Nobia, the parent company behind national kitchen retailer Magnet, says its UK business arm has returned to profitability for the first time in several years.

In its Q3 results released today, Nobia said that its UK business had delivered the strongest performance across the company this quarter. These positive results follow years of declining profits for the company, which it has been attempting to fix with a business recovery strategy over the last several years.

Nobia says the third quarter saw it make pre-tax profits of around £1m for its UK business, a significant improvement over the £2m profit loss reported last year. This also marks the UK business’ first profitable result since 2019.

Today’s Q3 results also show that Nobia’s UK business enjoyed adjusted operating profits amounting to just over £160k. According to Nobia, its UK like-for-like retail sales were also up by 5% this quarter, with average order values up by 12% year-on-year.

However, organic growth declined by 7%, which the company said was due to “ongoing challenges in the project market” and the fact that Magnet had reduced its number of UK stores. Nobia has also confirmed it has a total of 168 stores in the UK, down from 172 a year ago.

Magnet’s attempts to transition to an “asset light” store model have been well publicised in recent months, with former UK head George Dymond telling kbbreview earlier this year that the retailer was making a dedicated focus on smaller format stores.

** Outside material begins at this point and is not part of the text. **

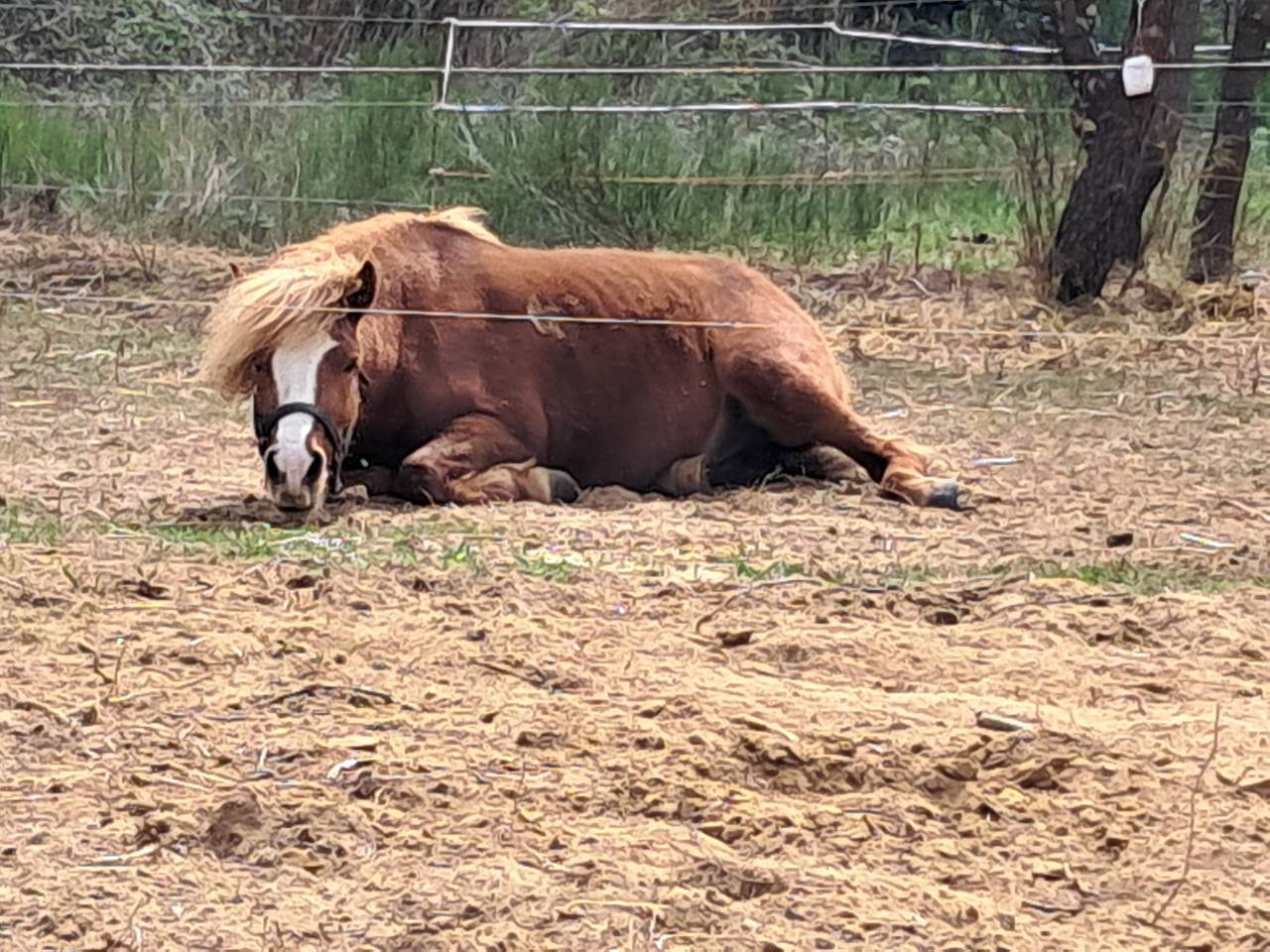 Poney New-Forest &times;Shetland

Sophie Rose, Nobia’s new head of region for the UK

Nobia’s group results – factoring in both UK and Nordic business – show that net sales decreased by around 3% to SEK 2,308m (approximately £184m) across the company this quarter.

Last week, Nobia also announced a non-cash impairment to its UK operations amounting SEK 1.9bn (approximately £152m) which is reportedly related to intangible assets. Nobia has clarified that this is not linked to its current performance, and instead reflects the UK business’ transition towards a more asset-light model.

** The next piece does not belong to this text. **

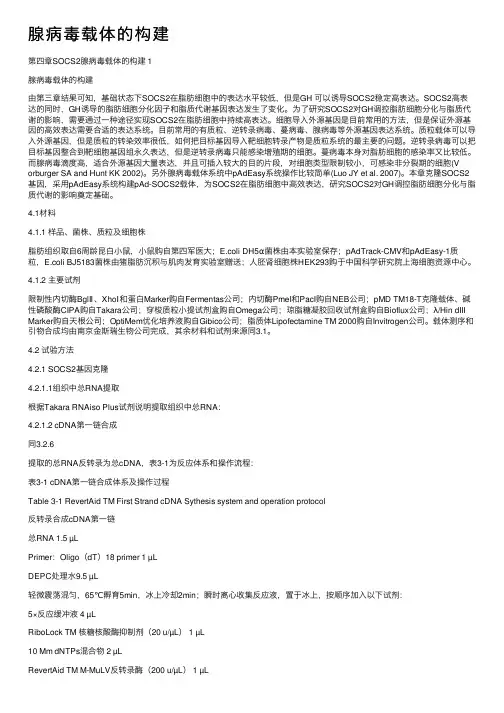 腺病毒载体的构建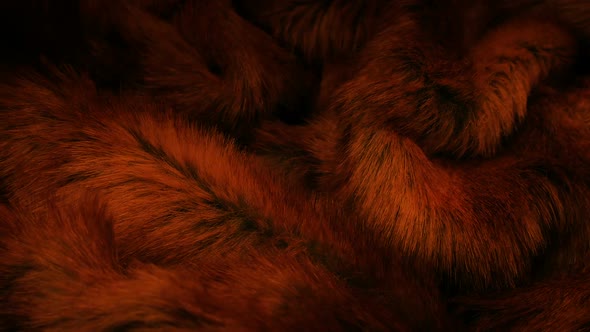 Animal Fur In The Glow Of Fire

Kristoffer Ljungfelt, Nobia’s president and CEO, commented: “Driven by improved gross margins and disciplined cost management, we have continued to reinforce our underlying profitability and operating cash flow in the quarter. In addition, the inauguration of Nobia Park, our new production site in Sweden, represents an important milestone in advancing our strategic agenda.

“Although we anticipate continued softness in project market volumes, especially in the UK, we are encouraged by strengthening consumer sentiments. We will continue to capitalise on our strong brands and capture share in the growing consumer market, while executing on our strategy by ramping up Nobia Park, improving gross margins through sales of higher-value products, and maintaining strict cost discipline.”

In related news, last week Nobia announced that its UK head of region, George Dymond, was stepping down from the role. He was succeeded by commercial & customer director Sophie Rose, who said she plans to continue with Dymond’s turnaround strategy for the business.

“This quarter’s results are a real reflection of the hard work, energy and belief of our people at Magnet,” Sophie Rose commented. “Returning to profit marks a major milestone in our three-year plan and clear proof that our strategy is working. With George’s leadership setting us on the right path, my focus now is on building on that momentum, driving the next phase of our growth with the right investment to accelerate our plan.”